After nearly a year’s worth of discussions, the city council appears poised to vote on whether to approve the creation of a new stormwater utility for Carmel.

In its final incarnation, the utility would charge homeowners a fee of $4.95 per month to pay for stormwater infrastructure upgrades and repairs to prevent flooding issues. Businesses, apartment complexes, churches and nonprofits would pay an assessed monthly fee based on the amount of impervious surface on each property.

In its first year, the utility would also offer a series of incentives for improvements to homes that install runoff prevention measures such as rain barrels or swales. But act quickly, because other stormwater utilities throughout the state have seen little use of incentive programs and they are often canceled, city engineer Jeremy Kashman said.

The new stormwater utility is expected to generate between $2.9 million and $3.2 million in revenue per year, and council sponsors Luci Snyder and Kevin “Woody” Rider have been adamant that those funds be protected so that they can’t be allocated for uses other than stormwater infrastructure upgrades.

The concern was so great that council president Eric Seidensticker said he hired Carmel law firm House Reynolds & Faust to review the final version of the ordinance and resolution to ensure the protections were ironclad.

Because the proposed stormwater utility would operate with only two new employees and rely almost entirely on existing city employees, there was concern that those existing employees’ salaries could be funded with the new stormwater revenues and deplete the funds available for projects while freeing up general fund money available for other uses.

To prevent this scenario, councilors voted in a special meeting of the Utilities, Transportation and Public Safety Committee to require that the city council had to pre-approve all planned stormwater projects a year in advance and that only 20 percent of stormwater utility revenue could be used on overhead expenses.

The council also wants to approve all stormwater projects when the utility’s budget is approved so that it can ensure how the fund will be allocated.

The council had considered creating a special board to oversee the utility, but it feels with the proper protections that it can allow the Board of Public Works to manage it on a day-to-day basis.

The discussions

Councilors did not take the idea of charging Carmel residents a stormwater fee lightly.

For the past year they have analyzed the most equitable way to charge homeowners and businesses for the runoff from property and streets while getting the most bang for the buck.
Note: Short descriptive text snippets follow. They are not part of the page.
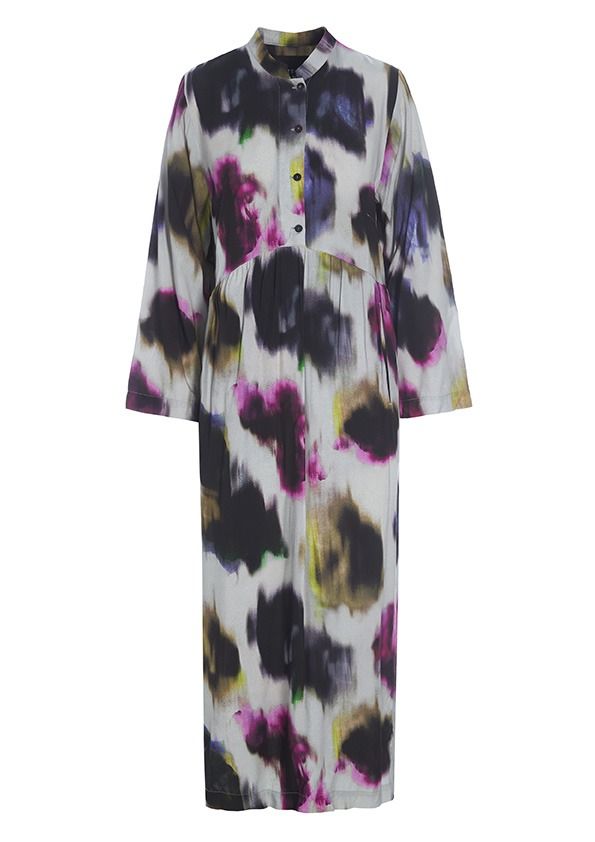 Nightbloom & flower daze FSC dress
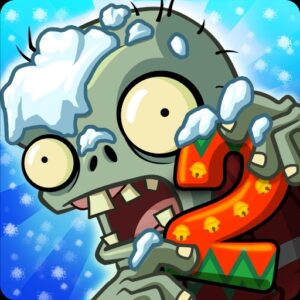 Tải Plants vs Zombies 2 MOD APK (Vô Hạn Tiền, Max Level) v12.8.1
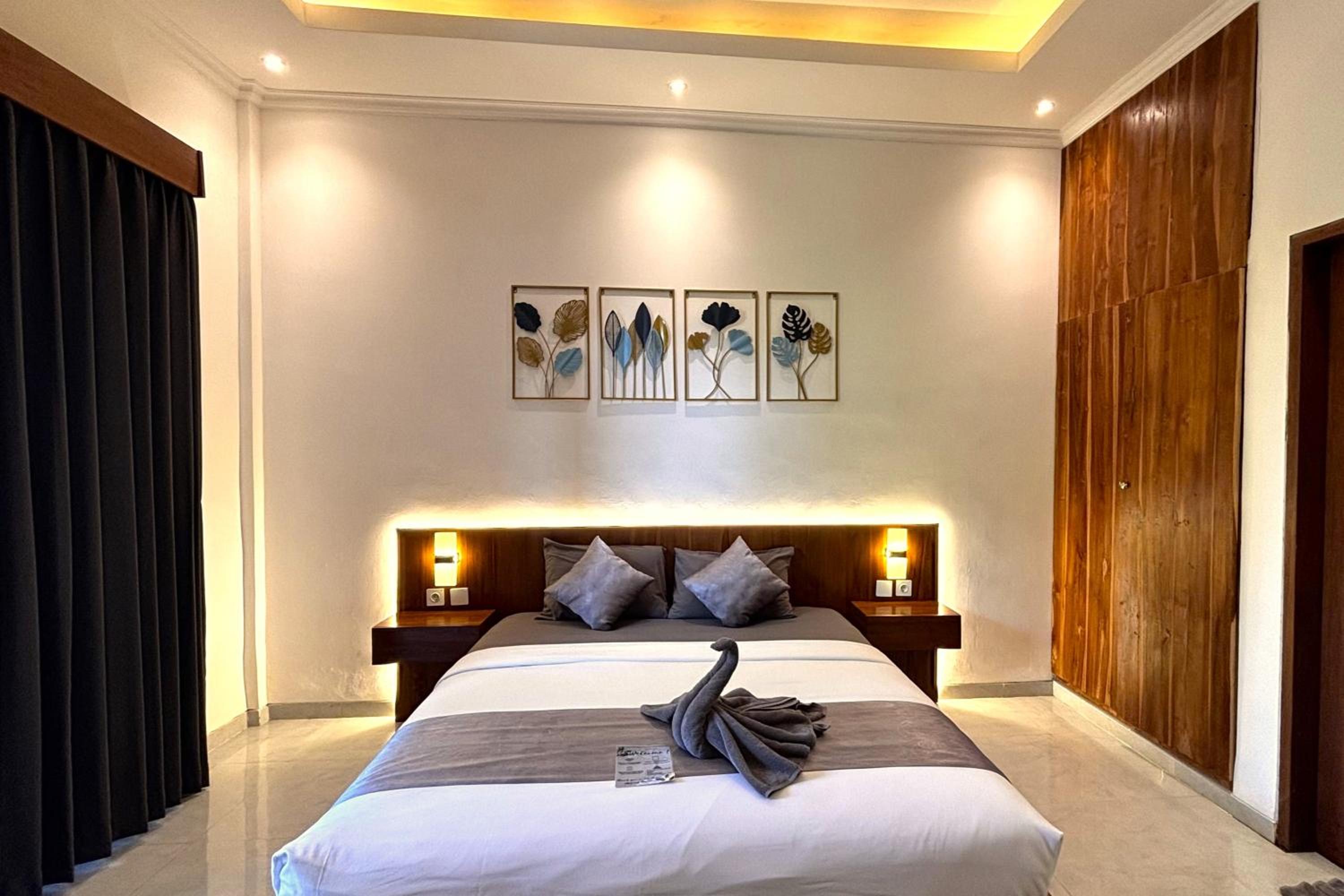 Deluxe Double Room - Photo 5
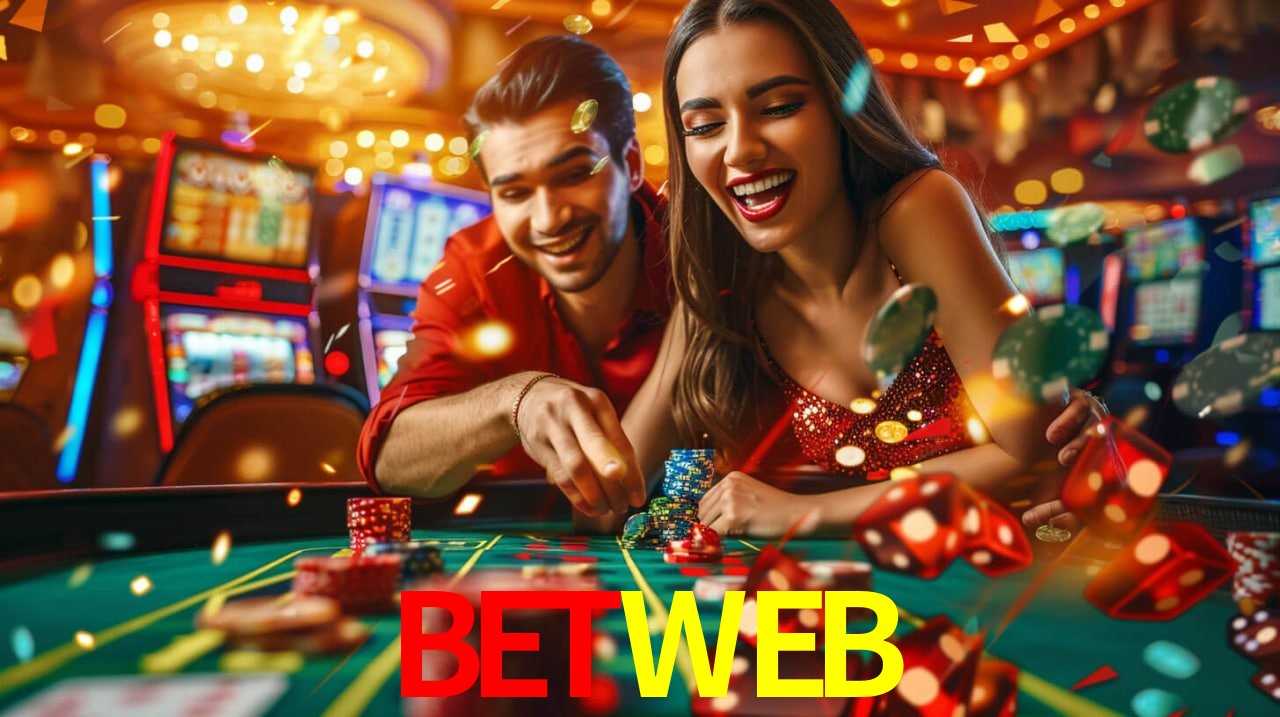 Design Responsivo BETWEB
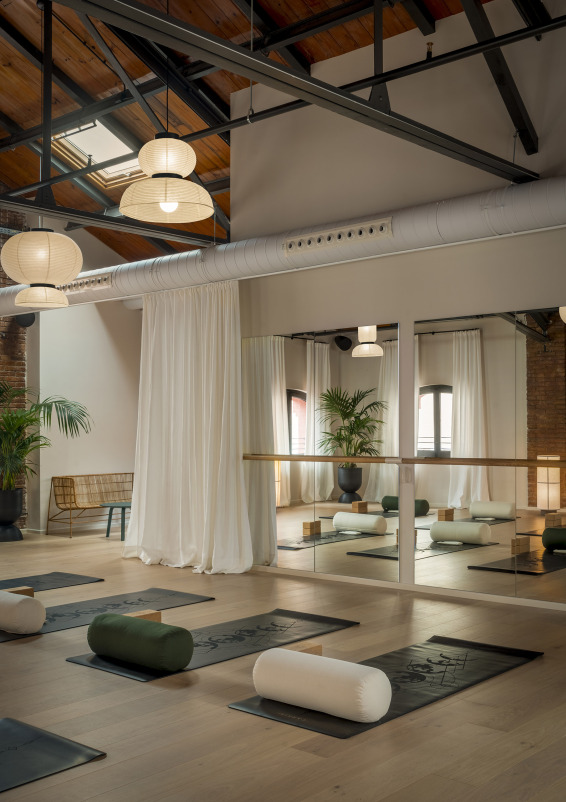Studio at Juno House – Space for Pop Ups & Events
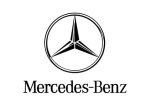 Vzduchové chladiče - Mercedes
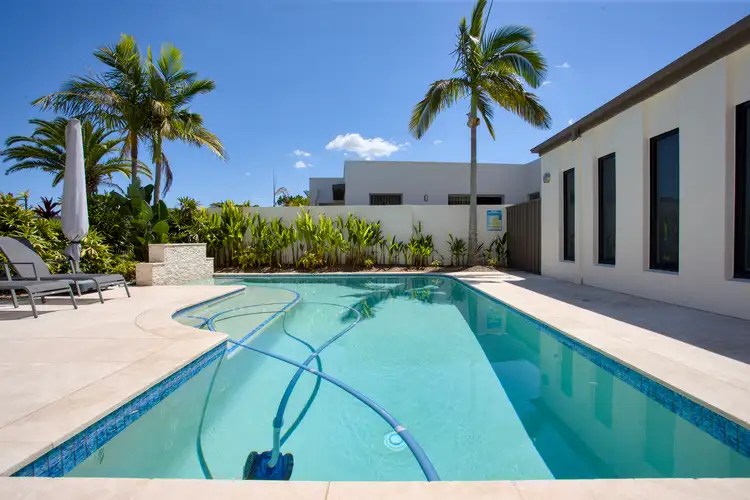 Second view of Homely house listing, 2805 Gracemere Circuit North, Hope Island QLD 4212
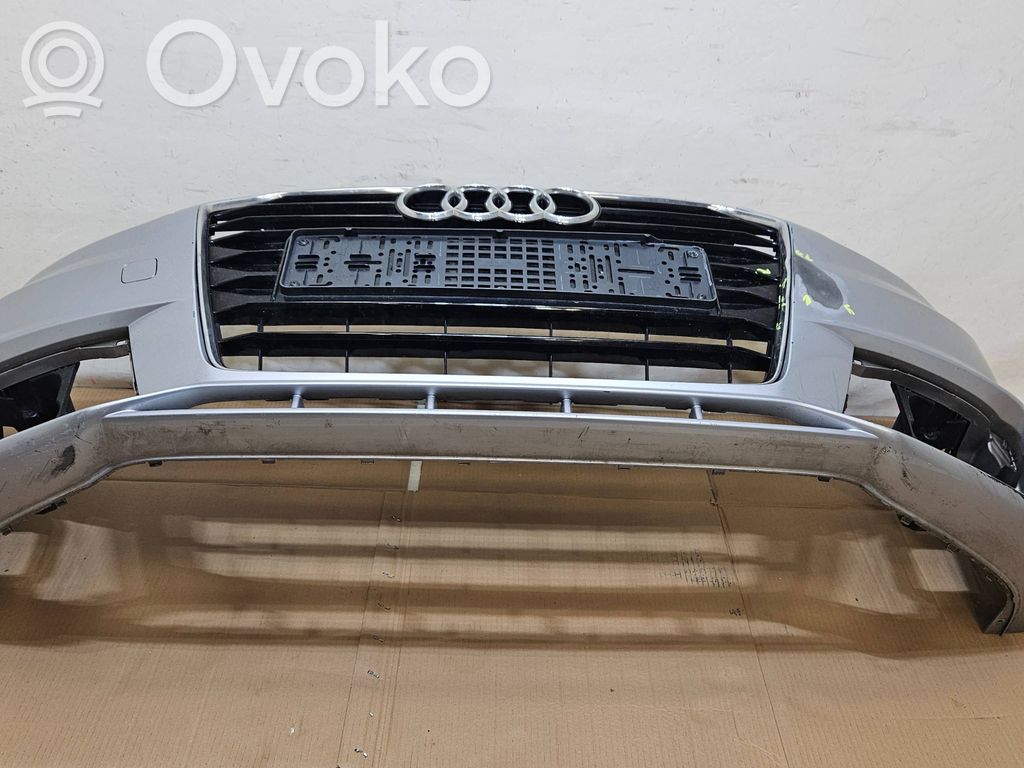 Audi A1 Front bumper 
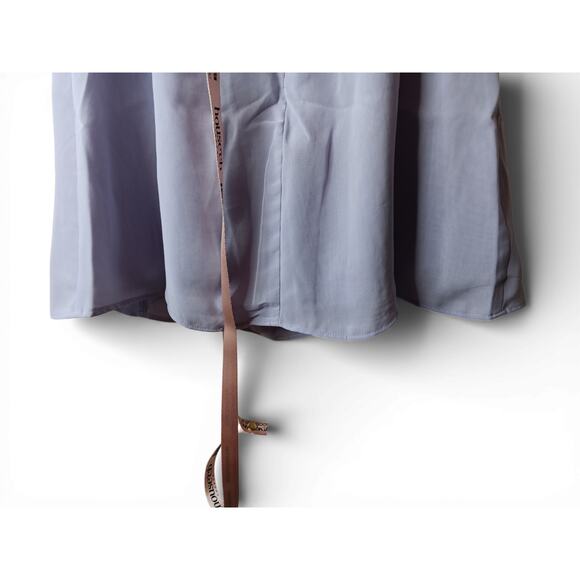 New with Tags House of CB Lavender Mini Dress  Bustier Corset Party SZ Small A-C - Picture 10 of 16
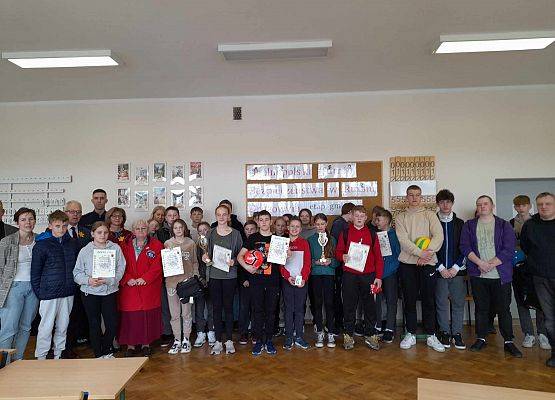 Ogólnopolski Turniej Bezpieczeństwa Ruchu Drogowego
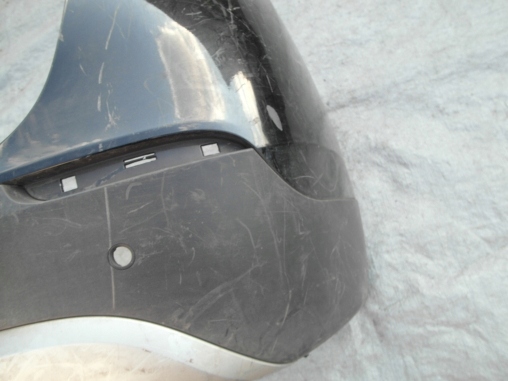 фото №10, Bmw x1 e84 бампер задній задня / z1153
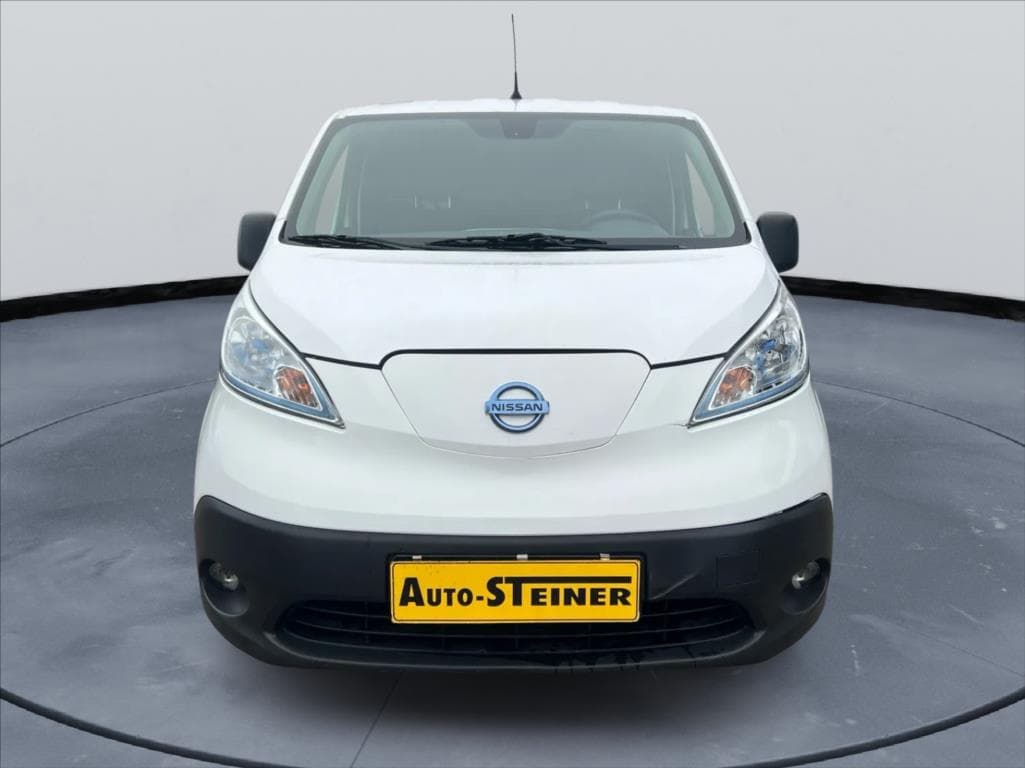 2021 Nissan NV200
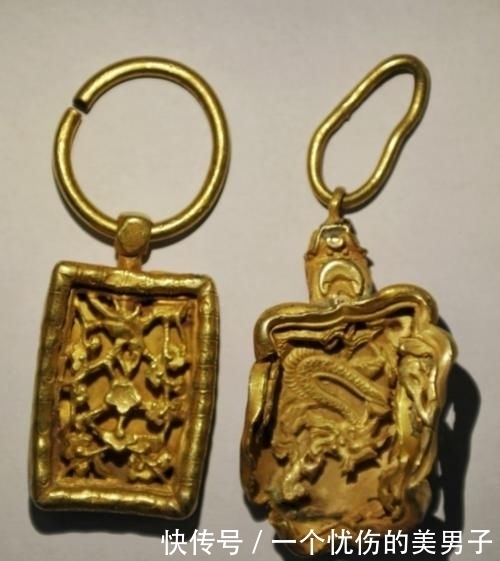 张献忠|张献忠沉银考古发掘,石龙对石虎,金银万万五,一点也不假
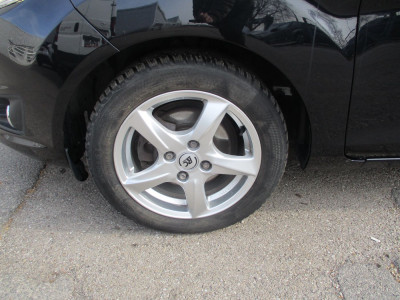 Ford Fiesta Gebrauchtwagen Ford Fiesta Gebrauchtwagen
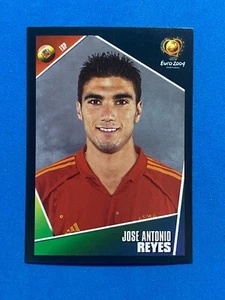 Figurine Panini Stickers Euro 2004 n. 86 Jose Antonio Reyes (Espana) - Imagen 1 de 1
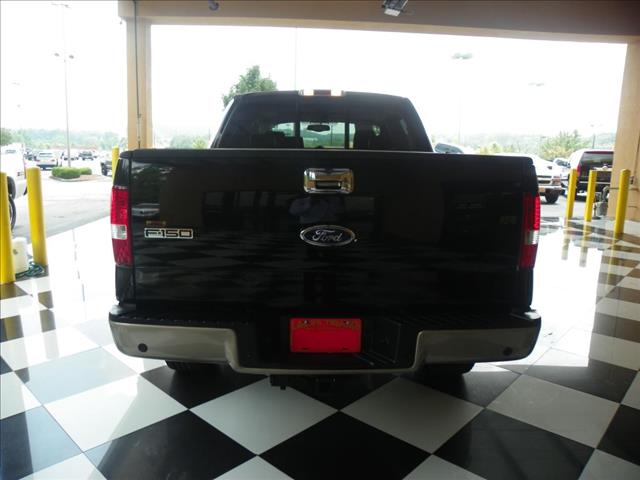 Ford F150 2005 photo 1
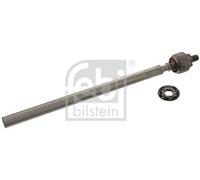Fits Peugeot Partner 5F D Inner Rack End Left or Right 00 To 08 3380798RMP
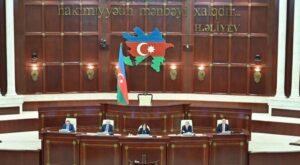 Приготовьтесь к захватывающему пленарному заседанию Милли Меджлиса!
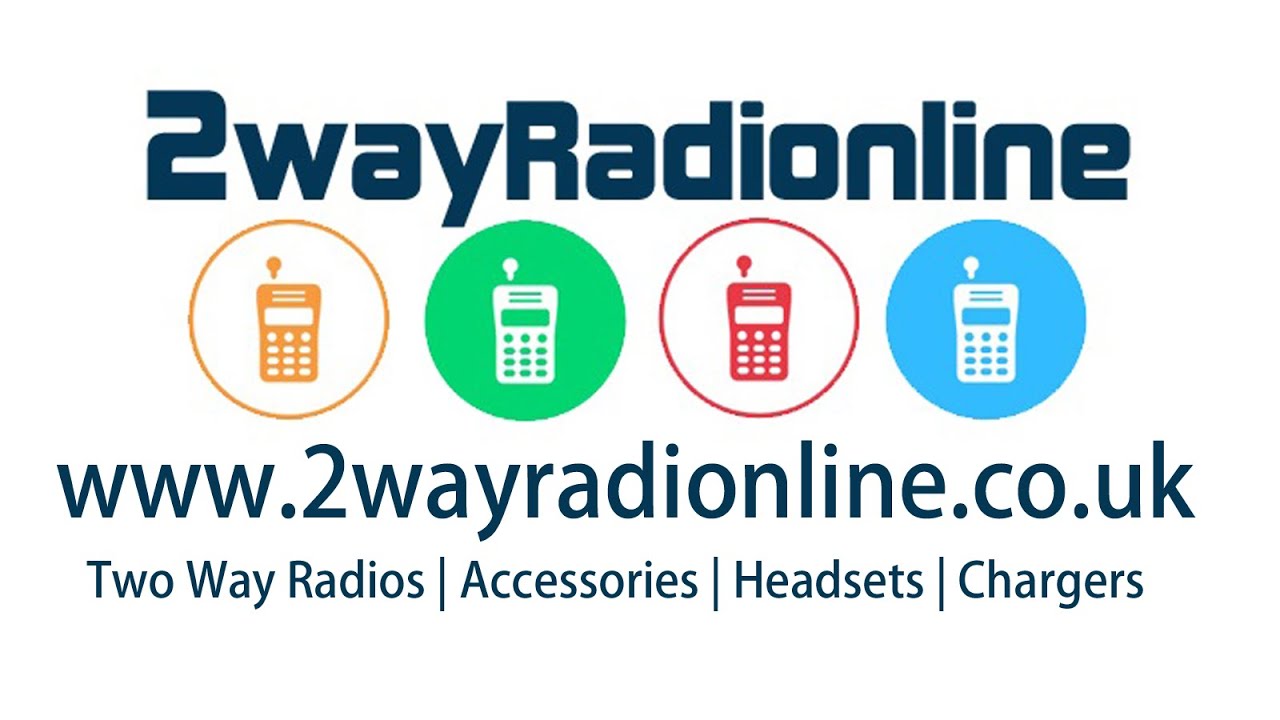 2 WAY RADIO ONLINE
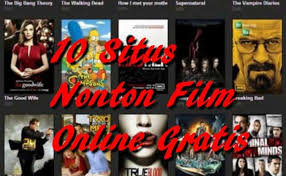 Situs alternatif dari ganool untuk streaming film online secara gratis. Pengganti Indoxxi 10 Situs Nonton Film Online Gratis 2020 Telset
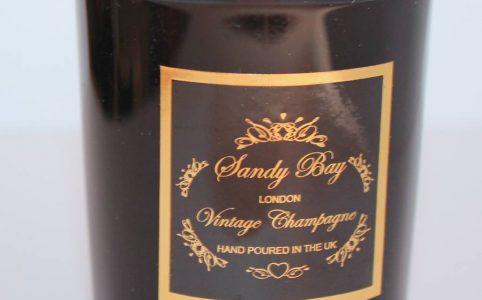Sandy Bay London Vintage Champagne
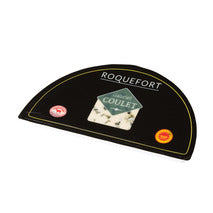 Roquefort AOP tranche 300g Gabriel Coulet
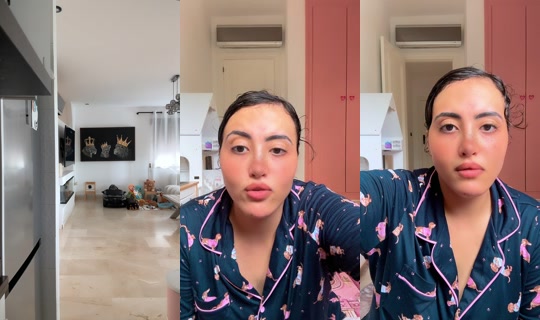 saricooloficiaal TikTok Live — Aug 24, 2026, 9:44 AM
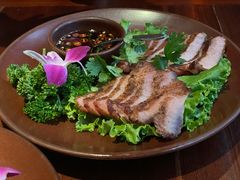 猪颈肉-花马天堂云南餐厅 Lost Heaven(高邮路店)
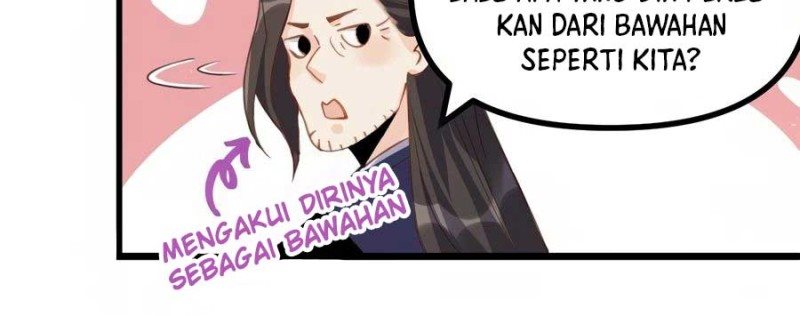 I’m Actually A Cultivation Bigshot Chapter 45 - halaman 19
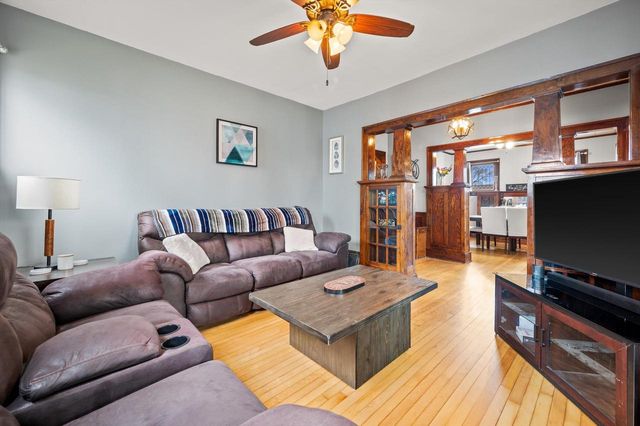 143 N Ridge STREET, Hustisford, WI 53034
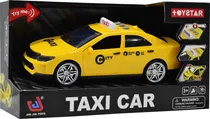  Taxi Car Ji...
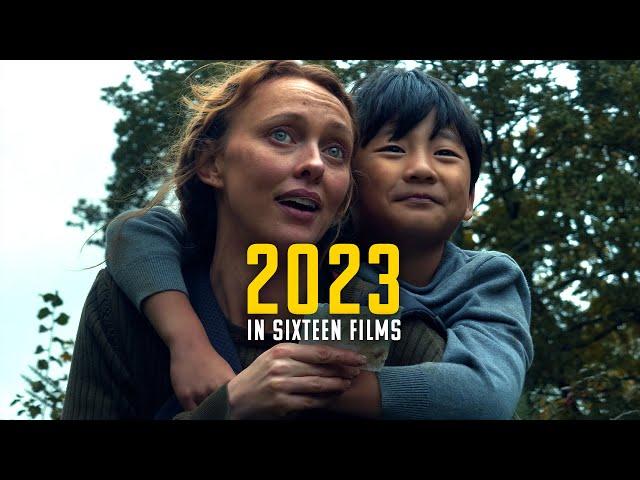 2023 Year in Review | Ridder Films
The councilors considered multiple methods to individually assess each property to make sure than any fee charged was equitable.

But the difficulty with individual property analyses is that they are labor intensive – even when using GIS techniques. And that workload only increases each time a property is modified.

City council members tasked with the decision eventually concluded that too great a share of the new revenue generated would be eaten up by administration and overhead costs which is why residential properties will pay a flat fee.

How to assess apartments – whether individually as residences or lumped together by the ownership company – received the majority of the discussion time.

The councilors had at one point voted to charge all apartment dwellers a flat $4.95 fee per month – the rationale being that they contributed a greater proportion of traffic to Carmel’s streets. (Street-sweeping is part of the stormwater utility’s responsibility.)

But a sustained lobbying effort by an apartment owners association and its lawyer eventually persuaded the council to treat those complexes as commercial property.

Unfunded mandate

The utility’s creation is also part of the city’s efforts to keep up with EPA regulations regarding water quality.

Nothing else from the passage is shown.